Collection entries
• • • • • • •

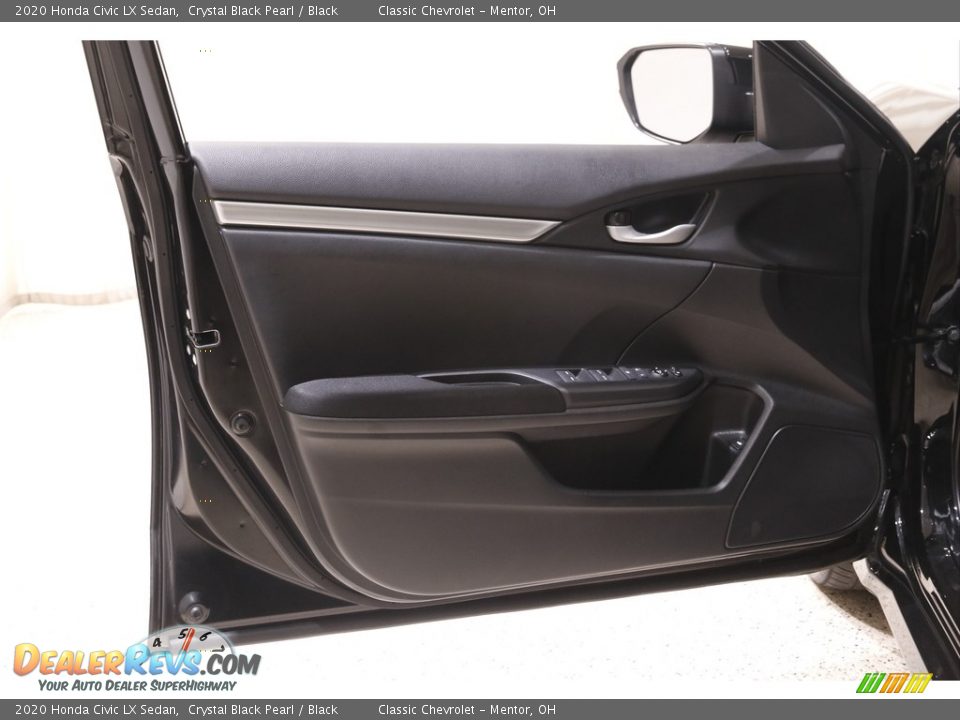 2020 Honda Civic LX Sedan Crystal Black Pearl / Black Photo #4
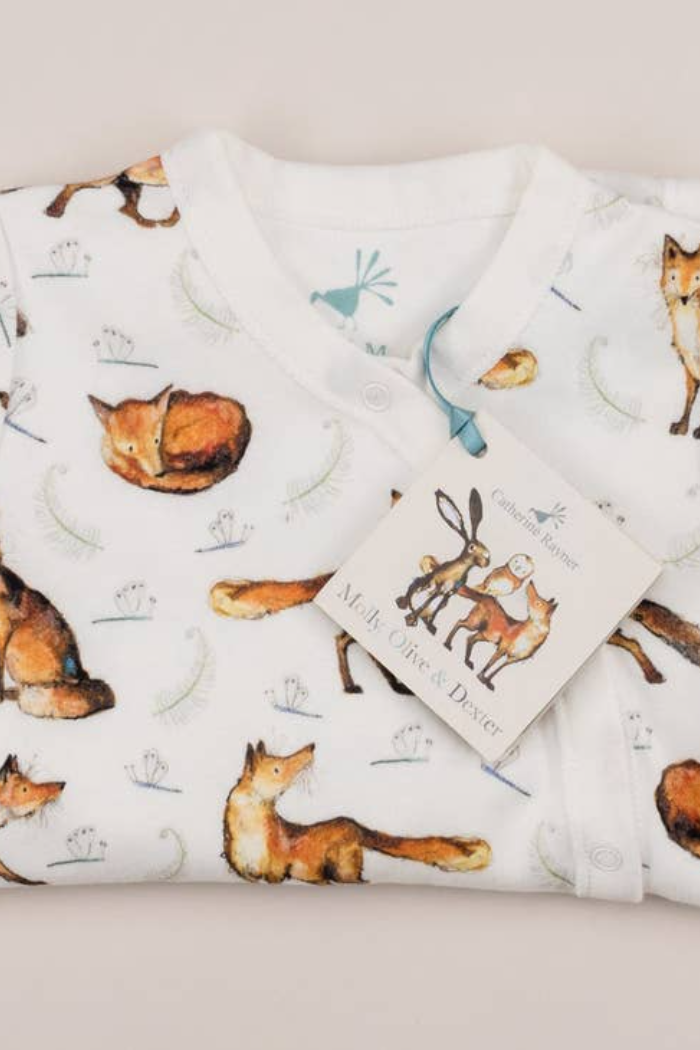 Dexter Fox Print Babygrow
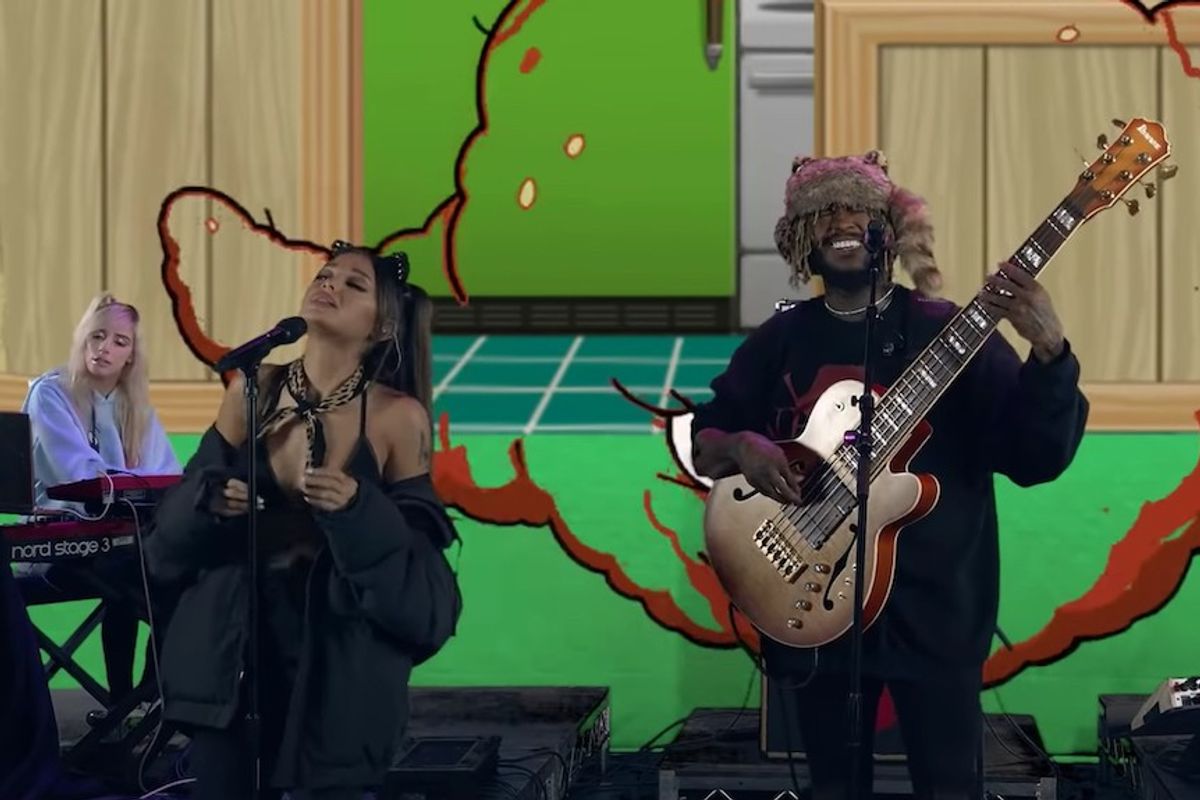Ariana Grande Joins Thundercat for a Twisted Live Performance of "Them Changes"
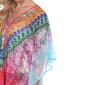Plus Size White Mark Purple Print Maternity Poncho - image 5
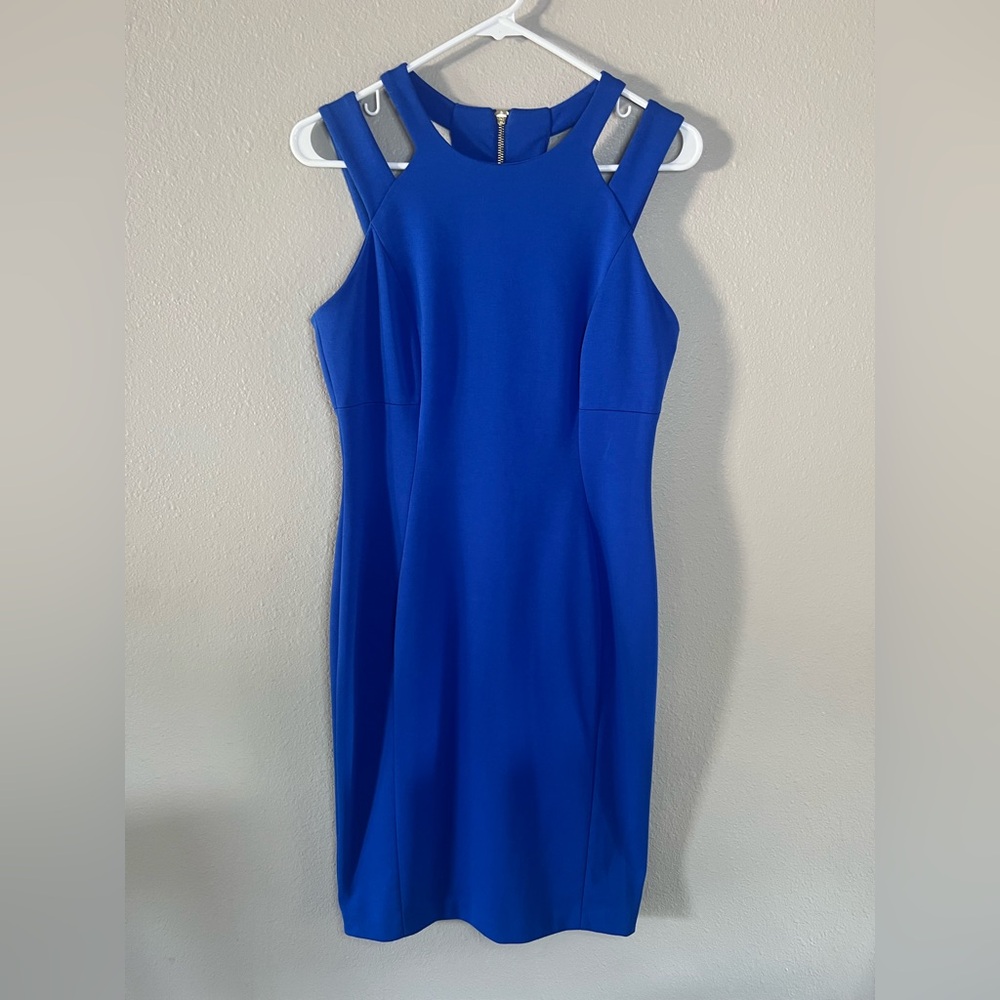 👗 Calvin Klein Royal Blue Midi Dress Women’s 6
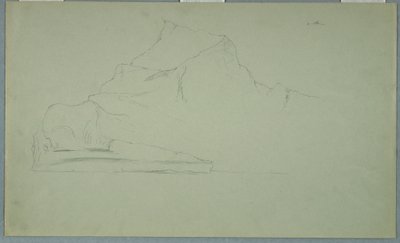 Rajz, úszó jéghegy, 1859. június vagy július alkotó: Frederic Edwin Church
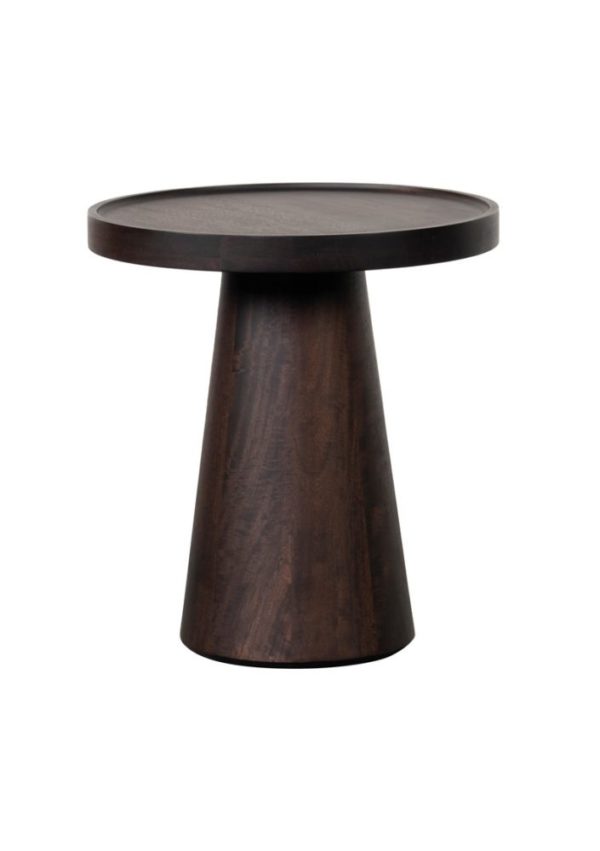 table basse durham noyer 46 - Table basse ronde en manguier noir Durham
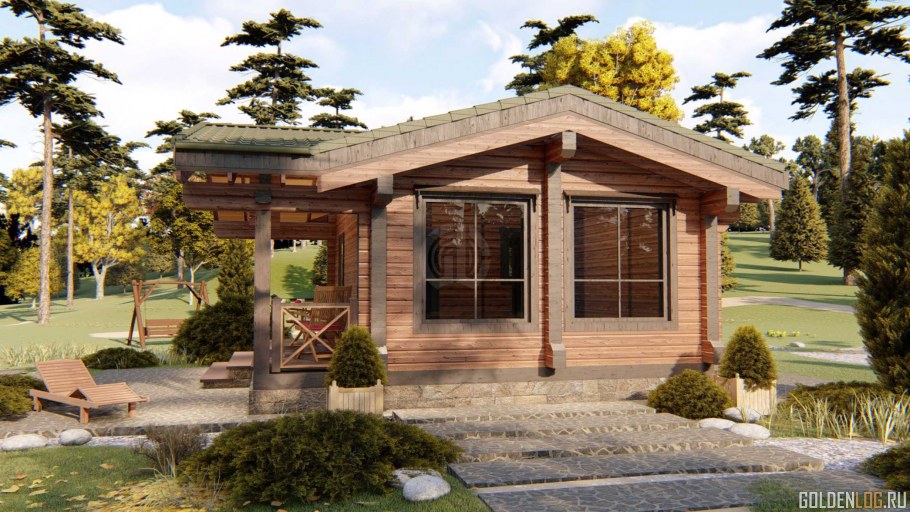 Дом из клееного бруса 100м2 проекты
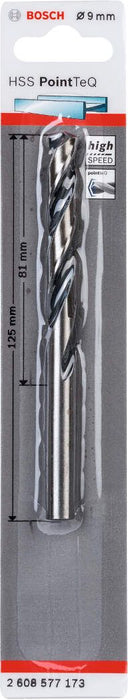 Bosch HSS spiralna burgija PointTeQ 9,0 mm pakovanje od 1 komada - 2608577173 Burgija HSS BOSCH Madras doo Beograd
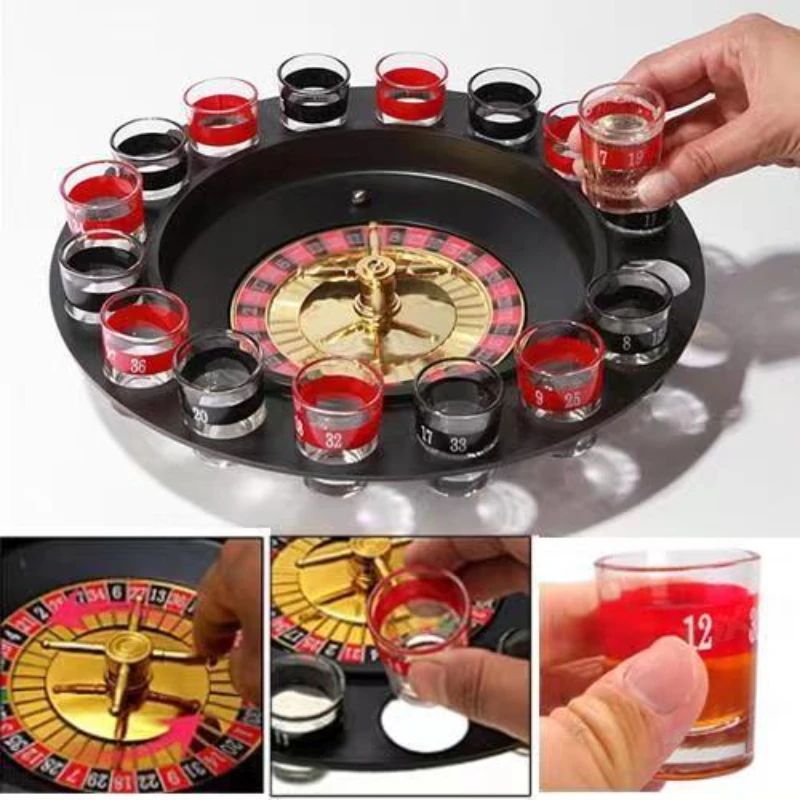 Russian Turntable Lucky Shot D - Party Games Adults Drinking ulasan dan harga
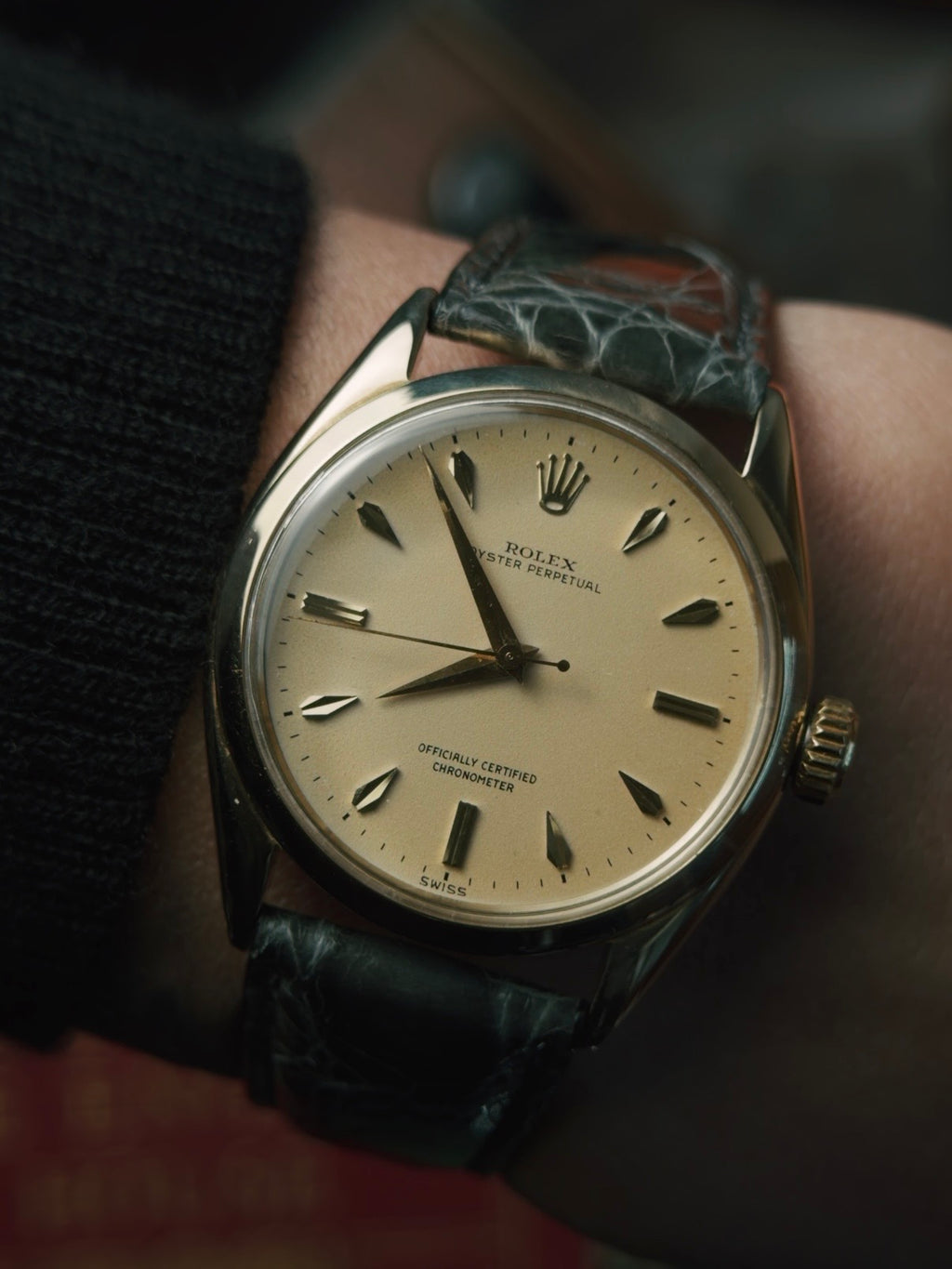 ROLEX 14K Oyster perpetual 1955s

• • • • • • •

Task to carry out
Could you set down exactly, and only, the lines from the line containing "Bosch HSS spiralna" through the last line of the records, both included, without the pictures?

Your response
 Bosch HSS spiralna burgija PointTeQ 9,0 mm pakovanje od 1 komada - 2608577173 Burgija HSS BOSCH Madras doo Beograd
 Russian Turntable Lucky Shot D - Party Games Adults Drinking ulasan dan harga
 ROLEX 14K Oyster perpetual 1955s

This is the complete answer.